• [Directions] The finished copy must match the records exactly, except that it contains no pictures.

Image-text web data:
══════

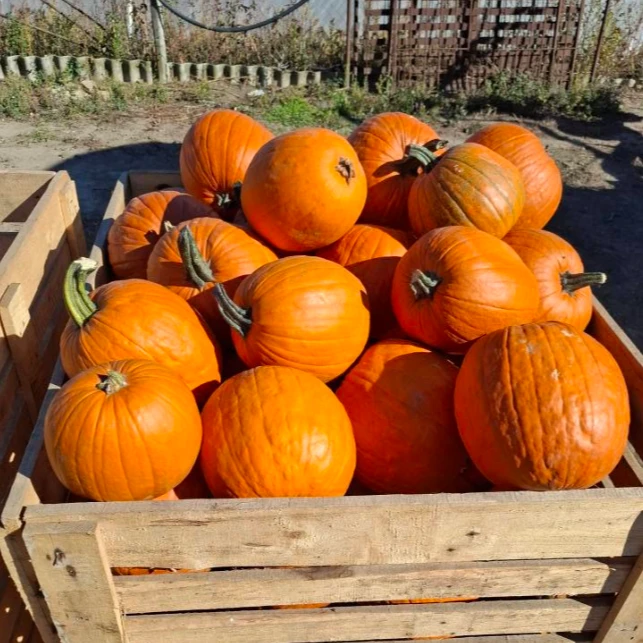 A képen halloweeni tökök láthatóak egy fa ládában.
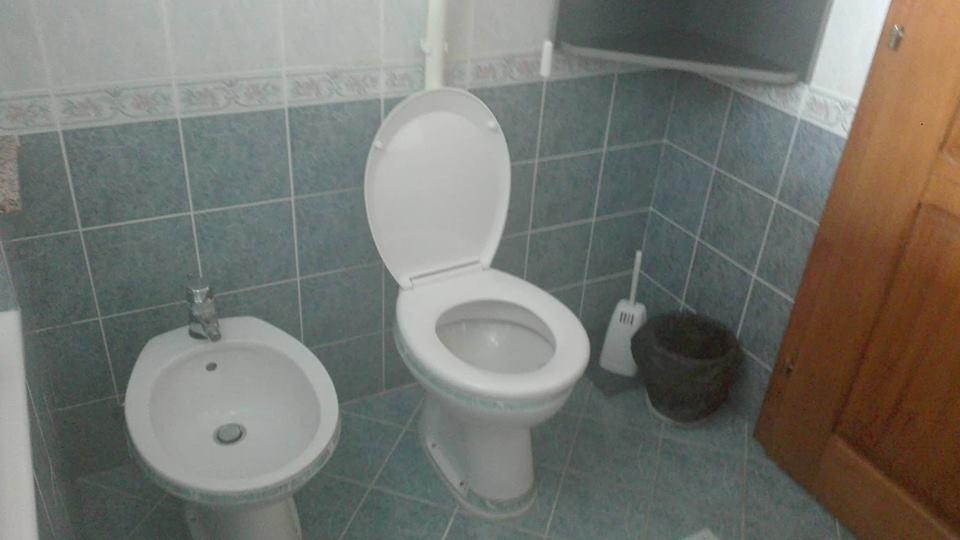 Domacinstvo Opavski Backi Petrovac Exteriör bild
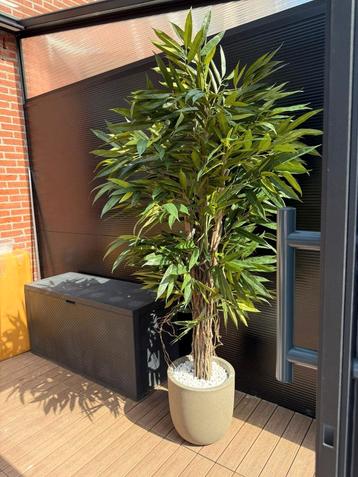 Longifolia kunstplant 180 cm nieuw twv 179 euro beschikbaar voor biedingen
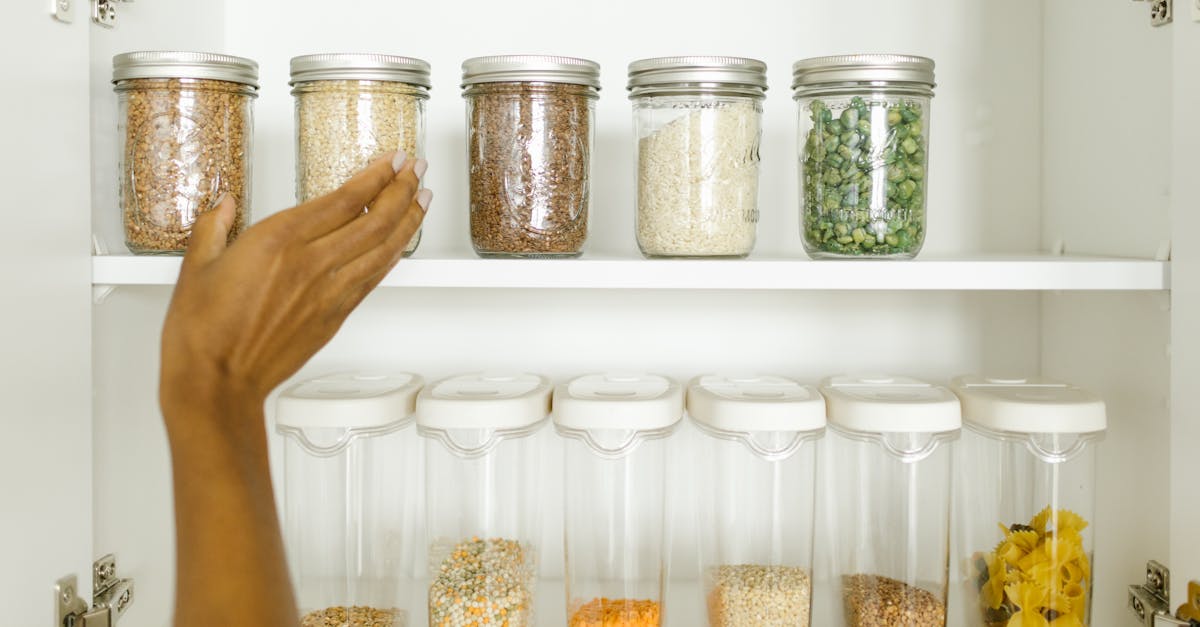 découvrez l'univers des pois ! apprenez tout sur leurs bienfaits nutritionnels, leurs variétés, et des recettes délicieuses pour intégrer ces petites légumineuses dans votre alimentation au quotidien.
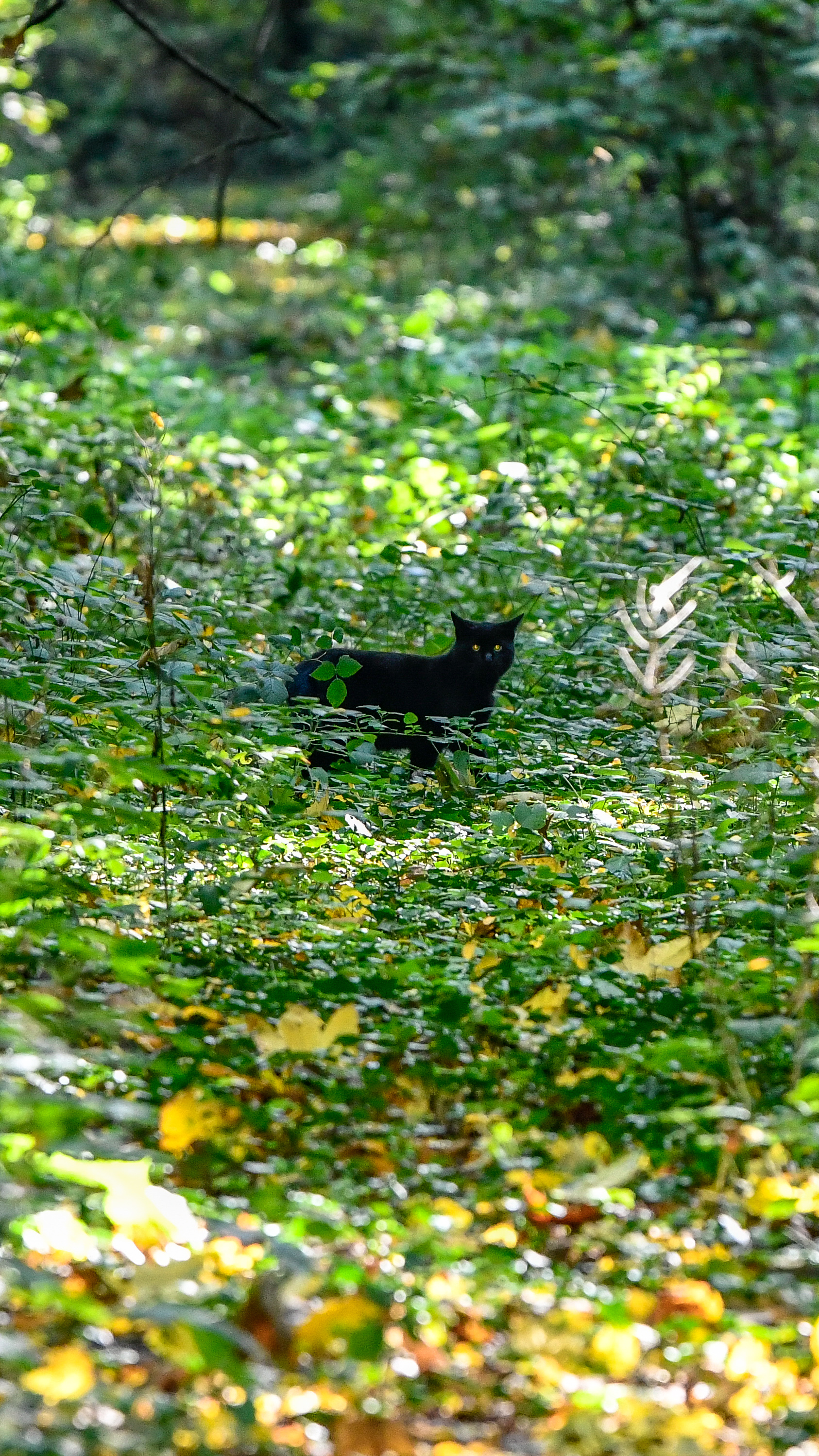 Photo n° 6 de l'avis de Marc.. fait le 17/10/2022 à 13:49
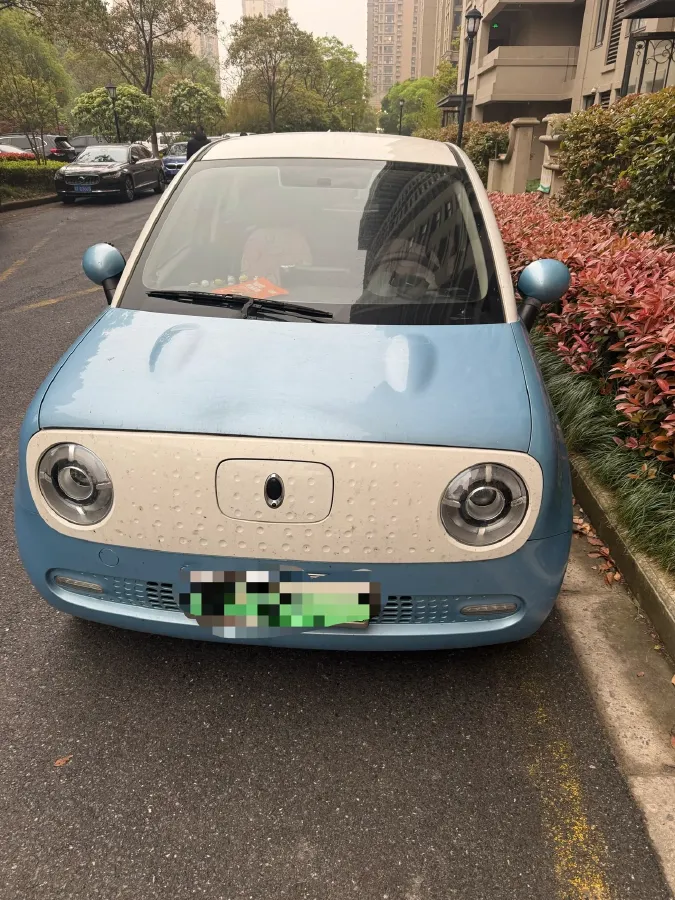 2021 Ora BlackCat BEV 33KWH,autocango,china used car exporter,china ev exporter,chinese used car exporter,chinese used ev exporter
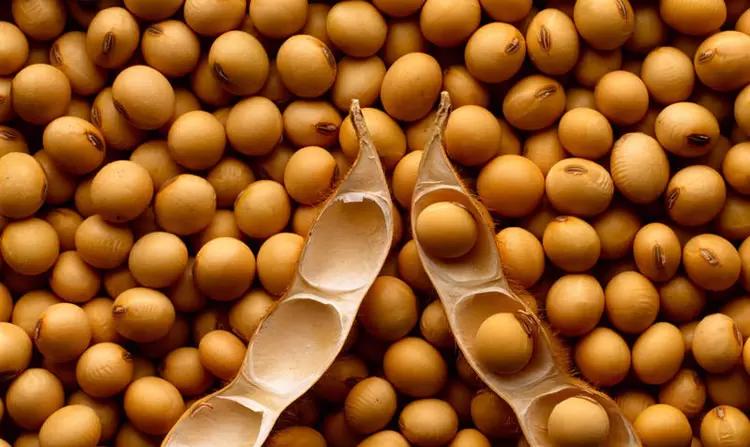 Сельхозпроизводители ПФО взволнованы запретом на ввоз семян из Европы и Канады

══════

• [Result]
 A képen halloweeni tökök láthatóak egy fa ládában.
 Domacinstvo Opavski Backi Petrovac Exteriör bild
 Longifolia kunstplant 180 cm nieuw twv 179 euro beschikbaar voor biedingen
 découvrez l'univers des pois ! apprenez tout sur leurs bienfaits nutritionnels, leurs variétés, et des recettes délicieuses pour intégrer ces petites légumineuses dans votre alimentation au quotidien.
 Photo n° 6 de l'avis de Marc.. fait le 17/10/2022 à 13:49
 2021 Ora BlackCat BEV 33KWH,autocango,china used car exporter,china ev exporter,chinese used car exporter,chinese used ev exporter
 Сельхозпроизводители ПФО взволнованы запретом на ввоз семян из Европы и Канады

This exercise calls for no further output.